PHENOMENALITY: *marvelous*
MYTHICITY: *fair*
FRYEAN MYTHOS: *adventure*
CAMPBELLIAN FUNCTION: *cosmological, psychological, sociological*


AQUAMAN became one of DC's best-known heroes through a weird confluence of events: after a one-season cartoon devoted to his adventures, he became a regular participant in many seasons of the long-lived ABC animated series SUPER FRIENDS. Aquaman in his own cartoon came off like a tough if G-rated hero, but in SUPER FRIENDS, he was a literal fish out of water. As a result he was often reduced to a joke, a loser who couldn't do anything unless he could find some fish to do his fighting for him.

JUSTICE LEAGUE made some minor progress in dispersing the hero's dominant pop-culture image as a waterlogged wimp, but even here he was dwarfed by more colorful characters.
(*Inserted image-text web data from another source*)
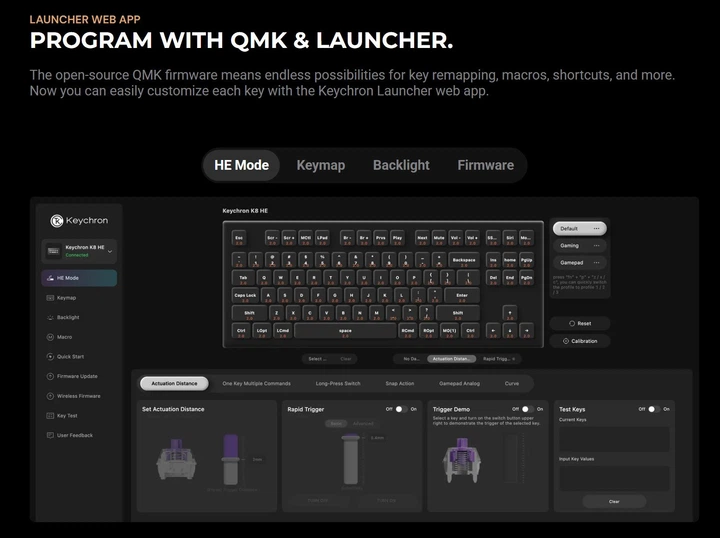 Магнитная беспроводная клавиатура Keychron K8 HE Special Edition \ Gateron Double-Rail Magnetic Nebula \ White ANSI US - Фото 5 Магнитная беспроводная клавиатура Keychron K8 HE Special Edition \ Gateron Double-Rail Magnetic Nebula \ White ANSI US - изображение 5
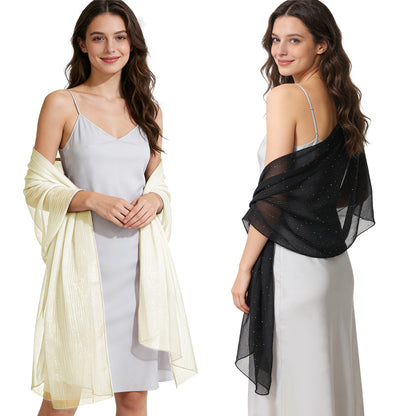 Colarlemo× BSRGMS 2pcs Chiffon Shawls and Wraps –  1 Shimmering Red/ Champagne/ White/ Silver/ Pink + 1 Rhinestone Black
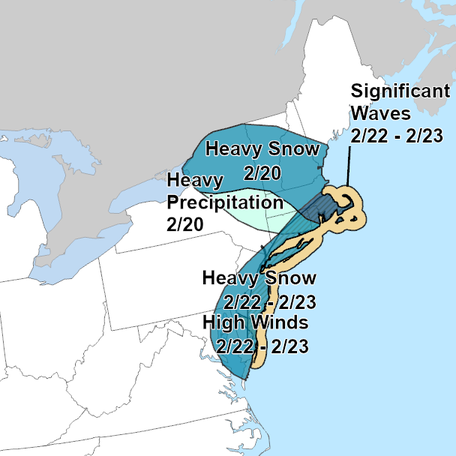 According to a map from the Weather Prediction Center, heavy snow, high winds, and significant waves are all in the forecast for the Northeast coast on Sunday Feb. 22 and Monday Feb. 23, 2026.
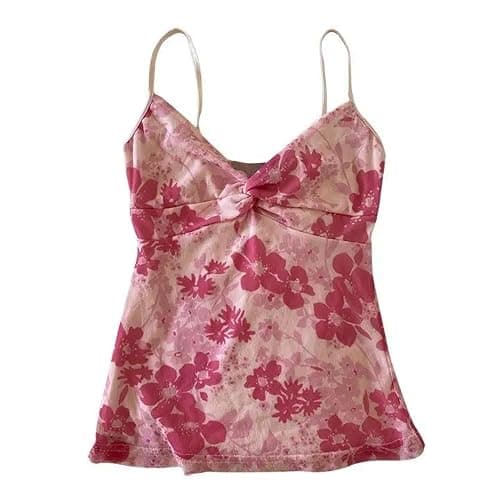 Emo Coquette Cropped Top Grunge 2000s Spaghetti Strap Tops Streetwear Vintage Camisole Y2k Cheetah Tops - Image 1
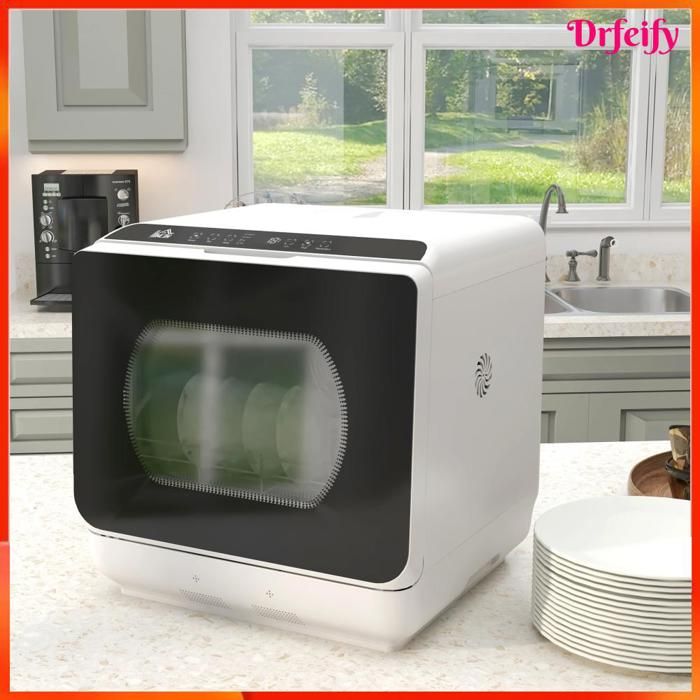 15653 Mini lave-vaisselle 4 couverts 5 programmes réservoir deau 6L commande tactile affichage LED 45 x 44 x 458 cm blanc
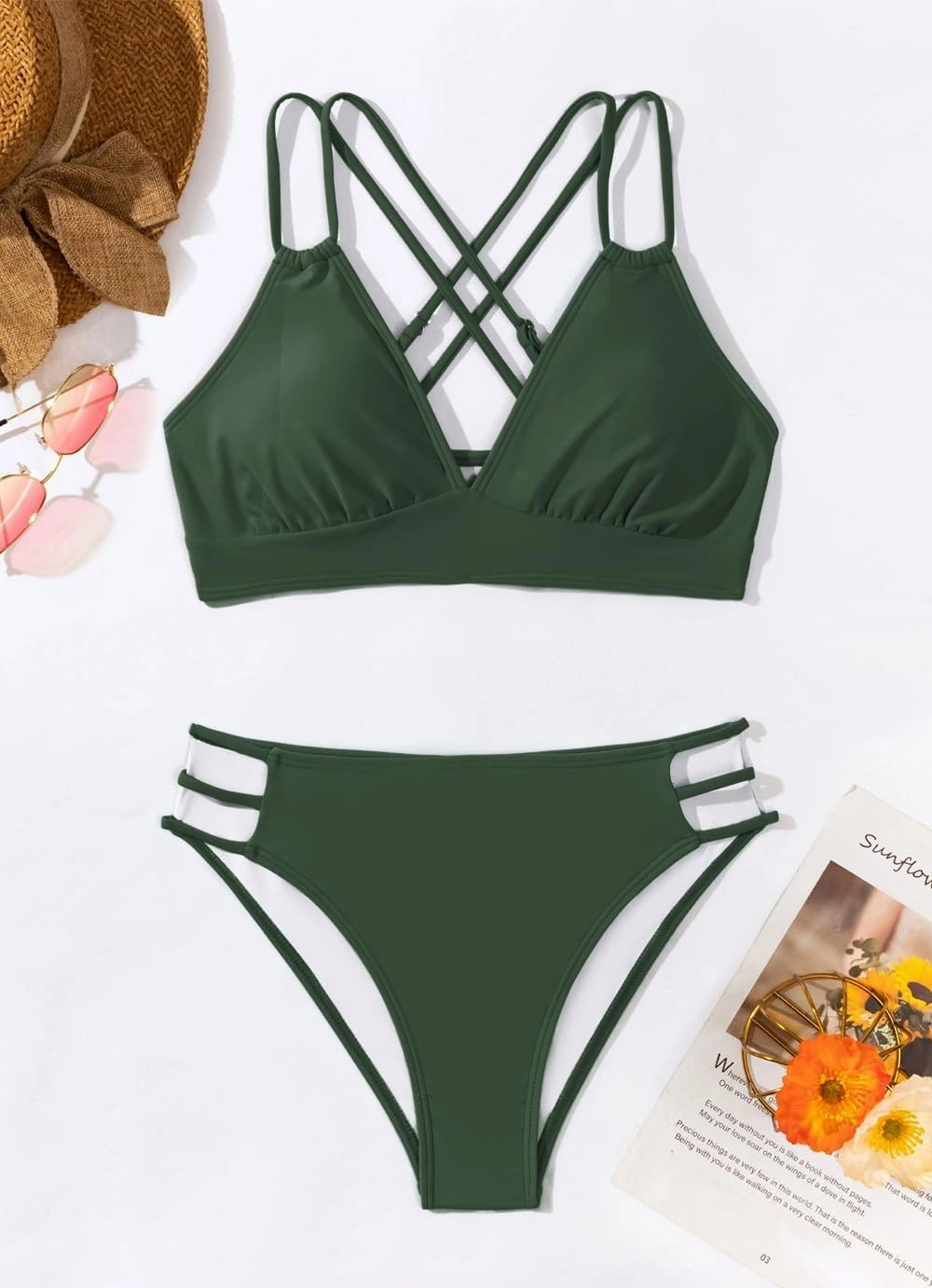 Fanuerg Women's Sexy V Neck Bikini Sets Hollow Out Two Piece Swimsuits Cutout Mid Waist Bathing Suit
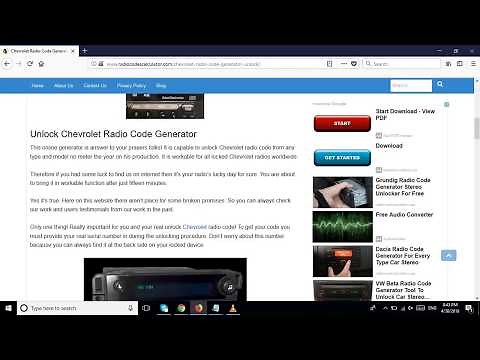 Chevrolet Radio Code Generator Unlock Any Car Stereo Modems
His first feature-film, however, makes him a beefy brawler who can get shot by ray-guns and shrug it off with an "Ow." Throughout the film, both he and other members of his people, the submarine Atlanteans, are capable of ripping through steel and falling from planes with only minor scuff-marks.

Director James Wan, who's also credited on the original story, serves up a fast-paced quest tale with a lot of sprightly comic relief, often at the expense of the tough-guy hero. Thanks to a ton of CGI visual effects, Wan also has the distinction of bringing forth the most impressive incarnation of an undersea city of water-breathers-- though the list of such movies is pretty small to start with.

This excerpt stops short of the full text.